▶ [ASSIGNED TASK] The records that follow are to be repeated exactly, with no pictures carried over.

▶ [THE DATA]
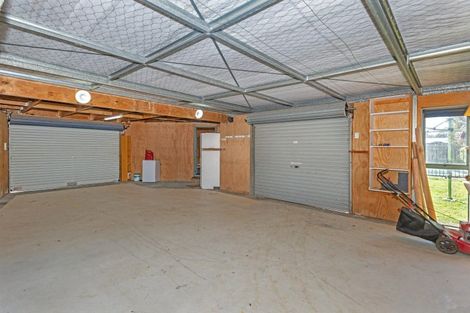 Photo of property in 12 Ruru Avenue, Lytton West, Gisborne, 4010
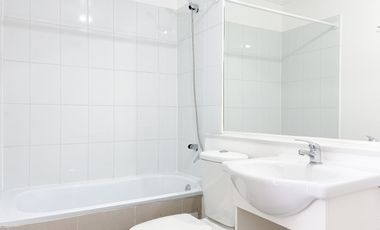 Av. Américo Vespucio [2387-3]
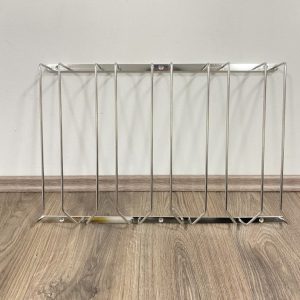 Inox nosac case slika 210872664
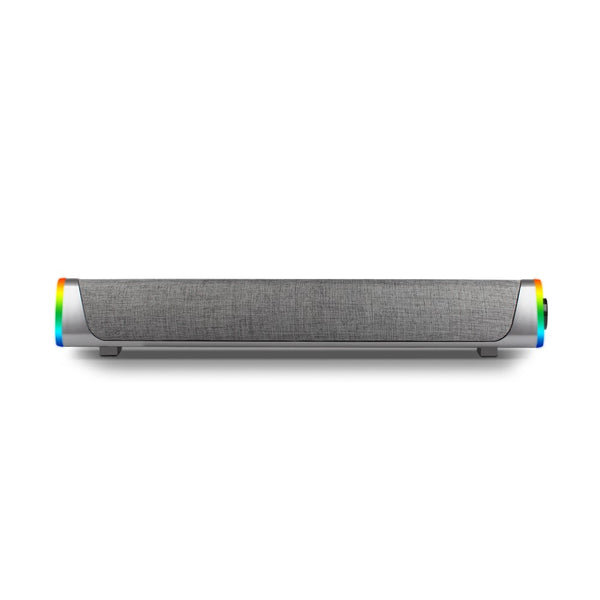 Vinnfier HyperBar 200 BTR Wireless Soundbar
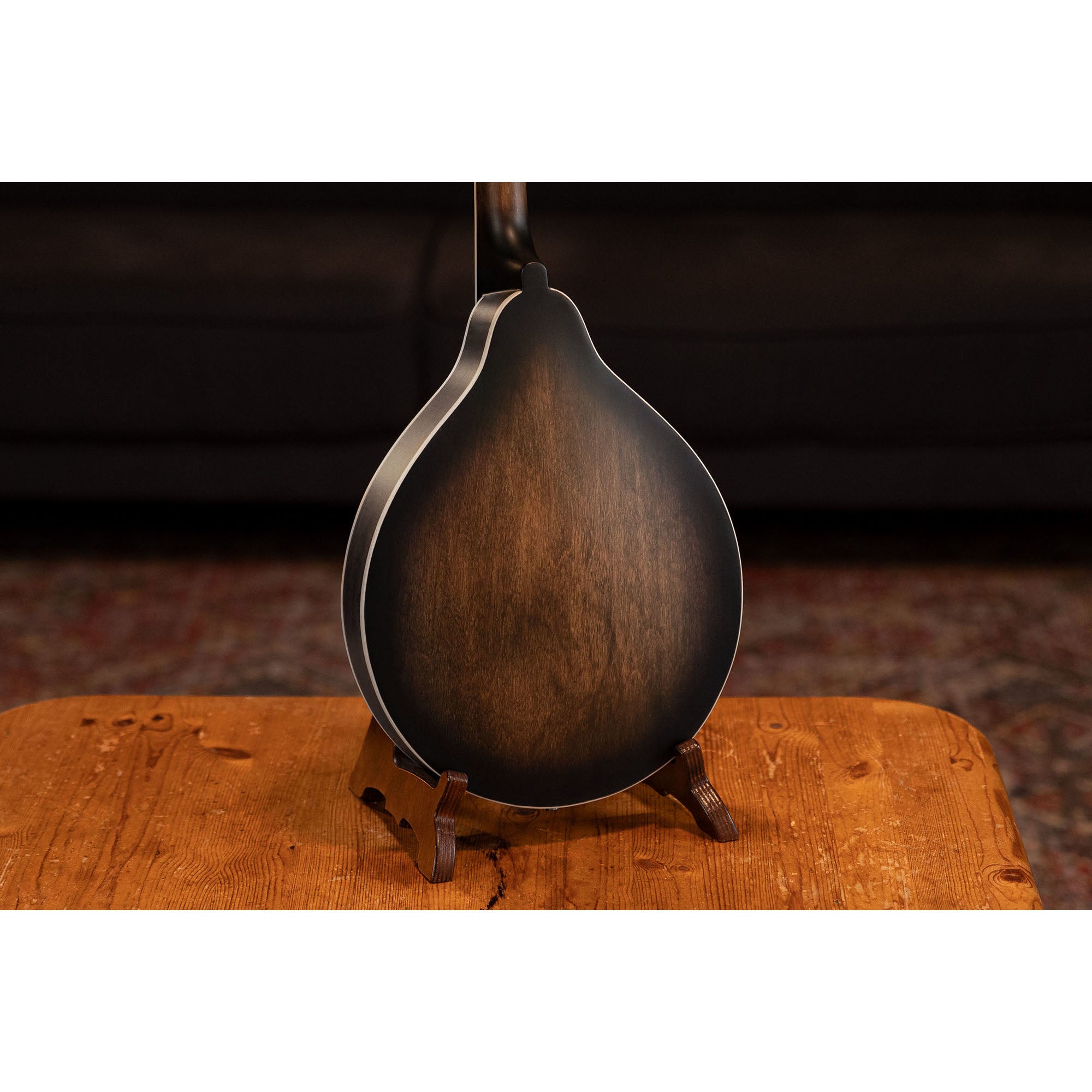 Ortega Americana Series RMA30-WB Mandolin A-stijl mandoline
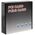PCI Card PCI σε 4+1 USB 2.0 No brand - 17453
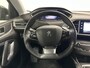 Peugeot 308 SW 1.2 PureTech Blue Lease Allure ACC CARPLAY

▶ [FINISHED EXERCISE]
 Photo of property in 12 Ruru Avenue, Lytton West, Gisborne, 4010
 Av. Américo Vespucio [2387-3]
 Inox nosac case slika 210872664
 Vinnfier HyperBar 200 BTR Wireless Soundbar
 Ortega Americana Series RMA30-WB Mandolin A-stijl mandoline
PCI Card PCI σε 4+1 USB 2.0 No brand - 17453
 Peugeot 308 SW 1.2 PureTech Blue Lease Allure ACC CARPLAY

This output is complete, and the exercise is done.